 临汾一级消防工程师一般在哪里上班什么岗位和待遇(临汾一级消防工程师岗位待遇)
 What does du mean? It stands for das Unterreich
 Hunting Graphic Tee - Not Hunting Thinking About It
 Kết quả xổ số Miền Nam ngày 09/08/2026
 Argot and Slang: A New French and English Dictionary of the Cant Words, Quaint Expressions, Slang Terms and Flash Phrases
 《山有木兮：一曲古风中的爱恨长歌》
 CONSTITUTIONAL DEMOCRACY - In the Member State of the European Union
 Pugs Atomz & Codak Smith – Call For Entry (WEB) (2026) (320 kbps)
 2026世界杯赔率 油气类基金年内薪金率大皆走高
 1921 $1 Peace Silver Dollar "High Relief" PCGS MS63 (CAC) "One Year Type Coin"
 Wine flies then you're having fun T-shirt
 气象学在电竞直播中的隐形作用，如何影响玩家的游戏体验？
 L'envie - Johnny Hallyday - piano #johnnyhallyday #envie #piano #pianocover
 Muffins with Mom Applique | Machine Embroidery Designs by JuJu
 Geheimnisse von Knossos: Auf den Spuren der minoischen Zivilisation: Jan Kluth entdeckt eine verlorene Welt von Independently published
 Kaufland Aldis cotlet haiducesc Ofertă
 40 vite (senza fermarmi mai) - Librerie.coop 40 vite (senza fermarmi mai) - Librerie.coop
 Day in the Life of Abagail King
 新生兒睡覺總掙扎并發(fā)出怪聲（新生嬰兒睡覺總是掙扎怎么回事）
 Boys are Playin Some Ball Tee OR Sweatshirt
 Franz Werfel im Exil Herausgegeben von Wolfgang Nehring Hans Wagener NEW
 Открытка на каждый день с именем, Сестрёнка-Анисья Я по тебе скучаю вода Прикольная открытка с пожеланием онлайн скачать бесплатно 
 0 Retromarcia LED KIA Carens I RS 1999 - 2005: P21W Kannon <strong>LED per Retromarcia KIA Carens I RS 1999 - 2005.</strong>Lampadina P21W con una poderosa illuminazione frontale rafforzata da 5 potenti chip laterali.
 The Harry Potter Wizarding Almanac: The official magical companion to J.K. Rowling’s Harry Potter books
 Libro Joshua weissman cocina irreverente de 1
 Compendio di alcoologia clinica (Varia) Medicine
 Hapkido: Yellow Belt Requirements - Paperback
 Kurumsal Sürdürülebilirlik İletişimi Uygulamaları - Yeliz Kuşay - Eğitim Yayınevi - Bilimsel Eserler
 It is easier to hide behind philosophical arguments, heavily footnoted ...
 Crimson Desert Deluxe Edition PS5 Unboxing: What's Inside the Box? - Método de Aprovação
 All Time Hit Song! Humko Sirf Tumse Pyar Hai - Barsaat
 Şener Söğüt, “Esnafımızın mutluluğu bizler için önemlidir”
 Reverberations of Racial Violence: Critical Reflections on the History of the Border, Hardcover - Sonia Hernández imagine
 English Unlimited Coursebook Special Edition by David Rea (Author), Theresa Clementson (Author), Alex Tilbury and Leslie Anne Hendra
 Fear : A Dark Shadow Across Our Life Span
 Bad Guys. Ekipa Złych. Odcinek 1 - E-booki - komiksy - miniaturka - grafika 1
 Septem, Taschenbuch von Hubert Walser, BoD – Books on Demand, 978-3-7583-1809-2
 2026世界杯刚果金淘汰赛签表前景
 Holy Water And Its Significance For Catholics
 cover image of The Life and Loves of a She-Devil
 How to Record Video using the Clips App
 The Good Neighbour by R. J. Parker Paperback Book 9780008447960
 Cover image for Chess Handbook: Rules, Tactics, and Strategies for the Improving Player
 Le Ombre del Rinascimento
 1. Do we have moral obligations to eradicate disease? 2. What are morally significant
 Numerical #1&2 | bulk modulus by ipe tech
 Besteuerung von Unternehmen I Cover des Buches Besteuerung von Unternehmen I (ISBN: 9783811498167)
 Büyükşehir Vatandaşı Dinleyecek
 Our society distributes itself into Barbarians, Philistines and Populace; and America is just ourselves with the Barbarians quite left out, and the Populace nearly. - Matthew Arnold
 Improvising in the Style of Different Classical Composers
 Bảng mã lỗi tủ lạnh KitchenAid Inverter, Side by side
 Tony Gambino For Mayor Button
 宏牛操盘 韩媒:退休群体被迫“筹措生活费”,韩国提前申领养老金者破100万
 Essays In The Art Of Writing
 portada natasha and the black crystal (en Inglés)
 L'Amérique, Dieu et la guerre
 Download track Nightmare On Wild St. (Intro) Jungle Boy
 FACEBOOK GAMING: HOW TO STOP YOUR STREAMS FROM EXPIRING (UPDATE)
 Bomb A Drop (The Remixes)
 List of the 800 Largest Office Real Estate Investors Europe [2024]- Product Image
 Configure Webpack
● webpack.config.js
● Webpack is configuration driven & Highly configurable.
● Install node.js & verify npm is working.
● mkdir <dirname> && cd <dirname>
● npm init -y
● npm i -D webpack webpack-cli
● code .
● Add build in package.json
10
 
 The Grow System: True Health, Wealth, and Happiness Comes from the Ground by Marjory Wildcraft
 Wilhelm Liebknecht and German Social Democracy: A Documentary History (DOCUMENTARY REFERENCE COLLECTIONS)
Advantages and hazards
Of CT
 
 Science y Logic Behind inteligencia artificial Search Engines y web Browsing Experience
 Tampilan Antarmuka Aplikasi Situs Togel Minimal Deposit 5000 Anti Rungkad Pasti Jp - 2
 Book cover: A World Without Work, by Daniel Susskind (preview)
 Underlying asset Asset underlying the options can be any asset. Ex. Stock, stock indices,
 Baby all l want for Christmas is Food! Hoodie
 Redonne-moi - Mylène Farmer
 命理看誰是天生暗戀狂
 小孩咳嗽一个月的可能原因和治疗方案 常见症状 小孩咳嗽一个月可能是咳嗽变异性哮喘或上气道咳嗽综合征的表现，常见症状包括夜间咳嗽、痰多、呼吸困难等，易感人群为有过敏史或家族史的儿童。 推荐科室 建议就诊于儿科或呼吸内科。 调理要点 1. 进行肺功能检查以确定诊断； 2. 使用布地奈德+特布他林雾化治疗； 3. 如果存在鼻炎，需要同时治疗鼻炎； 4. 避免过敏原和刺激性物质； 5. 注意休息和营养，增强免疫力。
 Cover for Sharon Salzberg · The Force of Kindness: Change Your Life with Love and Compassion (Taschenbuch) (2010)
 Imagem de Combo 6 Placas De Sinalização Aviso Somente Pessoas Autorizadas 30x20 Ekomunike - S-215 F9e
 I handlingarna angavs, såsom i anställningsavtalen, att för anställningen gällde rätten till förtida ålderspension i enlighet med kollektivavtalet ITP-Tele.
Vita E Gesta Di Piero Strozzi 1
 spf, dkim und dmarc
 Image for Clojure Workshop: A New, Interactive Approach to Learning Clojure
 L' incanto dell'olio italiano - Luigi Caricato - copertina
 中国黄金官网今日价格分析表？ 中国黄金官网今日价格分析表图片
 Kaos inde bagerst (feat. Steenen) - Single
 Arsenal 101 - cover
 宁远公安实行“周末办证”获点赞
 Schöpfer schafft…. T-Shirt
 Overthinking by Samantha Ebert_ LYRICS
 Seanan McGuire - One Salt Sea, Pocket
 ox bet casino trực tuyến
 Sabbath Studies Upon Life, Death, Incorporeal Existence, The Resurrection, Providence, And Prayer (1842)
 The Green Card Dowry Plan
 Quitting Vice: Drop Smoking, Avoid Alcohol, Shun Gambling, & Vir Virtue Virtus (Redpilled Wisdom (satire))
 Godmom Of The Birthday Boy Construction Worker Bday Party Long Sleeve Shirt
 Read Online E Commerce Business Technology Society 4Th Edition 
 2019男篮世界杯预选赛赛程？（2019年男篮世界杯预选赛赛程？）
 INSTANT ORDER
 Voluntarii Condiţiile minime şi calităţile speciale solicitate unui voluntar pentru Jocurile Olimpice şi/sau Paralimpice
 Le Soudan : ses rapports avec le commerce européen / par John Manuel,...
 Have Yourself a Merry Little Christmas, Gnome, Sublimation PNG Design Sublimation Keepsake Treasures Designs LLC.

Work required:
Reproduce exactly the section above that begins at the line containing "Cover image for" and ends at the line containing "Büyükşehir Vatandaşı Dinleyecek", leaving out all other lines.

Response box:
 Cover image for Chess Handbook: Rules, Tactics, and Strategies for the Improving Player
 Le Ombre del Rinascimento
 1. Do we have moral obligations to eradicate disease? 2. What are morally significant
 Numerical #1&2 | bulk modulus by ipe tech
 Besteuerung von Unternehmen I Cover des Buches Besteuerung von Unternehmen I (ISBN: 9783811498167)
 Büyükşehir Vatandaşı Dinleyecek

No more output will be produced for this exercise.